Wikipedia -- and any encyclopedia for that matter -- is supposed to reflect what IS not what certain people think SHOULD BE. The comments that argued against the Christian view of Hanukkah are a clear violation of this. First, the view that I am unaware of any Christian denomination having a specific policy towards the religious festivals of other faiths misses the whole point. It is not that these Christians have a specific policy towards the religious festivals of OTHER faiths; it is their policy and practice toward a festival that is a part of THEIR OWN faith. They celebrate Hanukkah and the other Feasts of Lev. 23, because they are part and parcel of their own religion. Second, it really doesn't matter whether others think they should or not. The issue is, they do celebrate it; they do have a view about it; it is something that is a large part of their religious view. Therefore it should most definitely have an article about it.
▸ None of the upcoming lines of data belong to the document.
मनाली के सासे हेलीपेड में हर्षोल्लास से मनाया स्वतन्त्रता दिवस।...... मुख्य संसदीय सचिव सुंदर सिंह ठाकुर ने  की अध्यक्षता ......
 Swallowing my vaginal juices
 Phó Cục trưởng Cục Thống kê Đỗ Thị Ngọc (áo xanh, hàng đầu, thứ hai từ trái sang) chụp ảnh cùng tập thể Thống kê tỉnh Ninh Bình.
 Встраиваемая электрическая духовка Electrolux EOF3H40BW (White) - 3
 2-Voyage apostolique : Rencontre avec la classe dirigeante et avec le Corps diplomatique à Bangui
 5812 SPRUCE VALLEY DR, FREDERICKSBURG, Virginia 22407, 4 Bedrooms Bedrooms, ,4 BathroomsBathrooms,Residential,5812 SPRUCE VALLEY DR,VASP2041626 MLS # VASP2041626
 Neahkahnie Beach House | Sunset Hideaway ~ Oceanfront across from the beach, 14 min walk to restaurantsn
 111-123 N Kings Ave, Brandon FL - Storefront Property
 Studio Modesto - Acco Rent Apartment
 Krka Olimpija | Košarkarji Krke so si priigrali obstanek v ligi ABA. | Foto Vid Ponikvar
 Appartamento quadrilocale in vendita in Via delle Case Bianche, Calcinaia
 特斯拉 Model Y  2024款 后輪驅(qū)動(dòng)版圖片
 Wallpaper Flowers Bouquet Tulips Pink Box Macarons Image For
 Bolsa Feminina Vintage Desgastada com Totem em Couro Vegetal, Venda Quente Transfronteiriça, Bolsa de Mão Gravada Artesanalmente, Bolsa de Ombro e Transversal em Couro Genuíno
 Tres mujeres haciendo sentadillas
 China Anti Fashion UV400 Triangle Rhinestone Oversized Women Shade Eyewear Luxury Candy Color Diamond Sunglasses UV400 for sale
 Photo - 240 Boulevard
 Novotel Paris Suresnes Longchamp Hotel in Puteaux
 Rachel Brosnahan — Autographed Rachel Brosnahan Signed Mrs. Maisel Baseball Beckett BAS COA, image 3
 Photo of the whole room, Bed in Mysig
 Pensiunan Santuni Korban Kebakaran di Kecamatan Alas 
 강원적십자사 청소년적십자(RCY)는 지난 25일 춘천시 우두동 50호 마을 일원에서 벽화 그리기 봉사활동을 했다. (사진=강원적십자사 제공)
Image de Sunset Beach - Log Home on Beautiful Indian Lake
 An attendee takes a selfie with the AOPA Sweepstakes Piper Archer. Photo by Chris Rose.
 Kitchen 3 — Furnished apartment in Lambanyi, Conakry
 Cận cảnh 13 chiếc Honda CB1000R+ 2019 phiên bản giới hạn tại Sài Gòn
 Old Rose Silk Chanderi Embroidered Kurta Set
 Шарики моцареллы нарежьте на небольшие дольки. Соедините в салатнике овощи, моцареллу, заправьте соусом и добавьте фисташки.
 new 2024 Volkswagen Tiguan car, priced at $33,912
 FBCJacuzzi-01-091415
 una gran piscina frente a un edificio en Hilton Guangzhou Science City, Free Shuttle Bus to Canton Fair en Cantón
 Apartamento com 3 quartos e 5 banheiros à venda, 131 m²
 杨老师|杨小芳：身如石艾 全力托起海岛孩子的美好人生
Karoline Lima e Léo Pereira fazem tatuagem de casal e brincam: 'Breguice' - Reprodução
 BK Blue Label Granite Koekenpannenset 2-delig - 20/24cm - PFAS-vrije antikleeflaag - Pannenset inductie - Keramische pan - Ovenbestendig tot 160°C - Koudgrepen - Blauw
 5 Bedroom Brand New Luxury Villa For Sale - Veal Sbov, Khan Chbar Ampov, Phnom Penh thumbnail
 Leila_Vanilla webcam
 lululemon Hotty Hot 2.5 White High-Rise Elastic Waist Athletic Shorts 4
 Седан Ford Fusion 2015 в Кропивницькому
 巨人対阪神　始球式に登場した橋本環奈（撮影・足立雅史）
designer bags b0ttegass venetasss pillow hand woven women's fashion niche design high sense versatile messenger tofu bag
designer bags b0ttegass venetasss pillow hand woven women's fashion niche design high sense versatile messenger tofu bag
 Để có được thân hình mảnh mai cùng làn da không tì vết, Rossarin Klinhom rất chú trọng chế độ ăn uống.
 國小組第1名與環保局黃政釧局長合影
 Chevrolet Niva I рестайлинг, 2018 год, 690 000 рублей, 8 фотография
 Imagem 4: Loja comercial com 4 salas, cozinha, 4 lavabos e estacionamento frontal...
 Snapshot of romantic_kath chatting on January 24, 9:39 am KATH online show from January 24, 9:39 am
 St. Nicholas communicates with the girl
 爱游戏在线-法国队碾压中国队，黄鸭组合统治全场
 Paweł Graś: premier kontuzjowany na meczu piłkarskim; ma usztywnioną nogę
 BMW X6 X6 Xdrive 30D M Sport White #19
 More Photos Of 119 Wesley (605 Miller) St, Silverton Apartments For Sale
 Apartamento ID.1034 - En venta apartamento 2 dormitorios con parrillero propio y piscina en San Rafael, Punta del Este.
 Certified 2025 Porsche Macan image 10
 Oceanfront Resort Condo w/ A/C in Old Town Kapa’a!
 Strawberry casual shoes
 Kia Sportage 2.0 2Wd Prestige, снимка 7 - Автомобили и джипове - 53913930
The fact that so many are unaware that many Christians do indeed celebrate Hanukkah is a reflection frankly of their own provincialism. Hanukkah is mentioned in the New Testament (not by the name Hanukkah, but it is still mentioned). Furthermore, a large number of Christians celebrate all seven of the feasts of Israel mentioned in Lev. 23, including the other feast: Purim. Since early Christianity was completely Jewish, it is not surprising that all the feasts of Israel continued to be celebrated by them. This practice did indeed dissipate as Christianity became more and more Hellenized and Latinized.

Throughout the ages many Christian theologians have seen a continuity between the feasts of Lev. 23 and the Christian redemptive / prophetic history. Thus, Christians celebrate Passover (also known by them as Good Friday), they celebrate First Fruits (also known as Resurrection Sunday or Easter), they celebrate Pentecost. It is widely held by them that the feast of trumpets is tied into the Second Coming, along with Yom Kippur and Tabernacles.

The idea that "The 'Christian' view of Hanukkah is like the 'Dutch' view of Mount Kilimanjaro" is quite parochial and not really analogous. Regardless of whether the Orthodox Jewish community likes it or not, many Christians celebrate Hanukkah. If a large community of Dutch people who had formerly lived in Tanzania held Mount Kilimanjaro as a sacred mountain, such would indeed be "something to have an article about".

I will rework the article extensively, find an overabundance of documentation on subject, and repost it if I am able, once I have shown incontestably that there are indeed significant "Christian views of Hanukkah".

Sincerely,

--Chad A. Woodburn 7:40 AM EDT, May 29, 2006.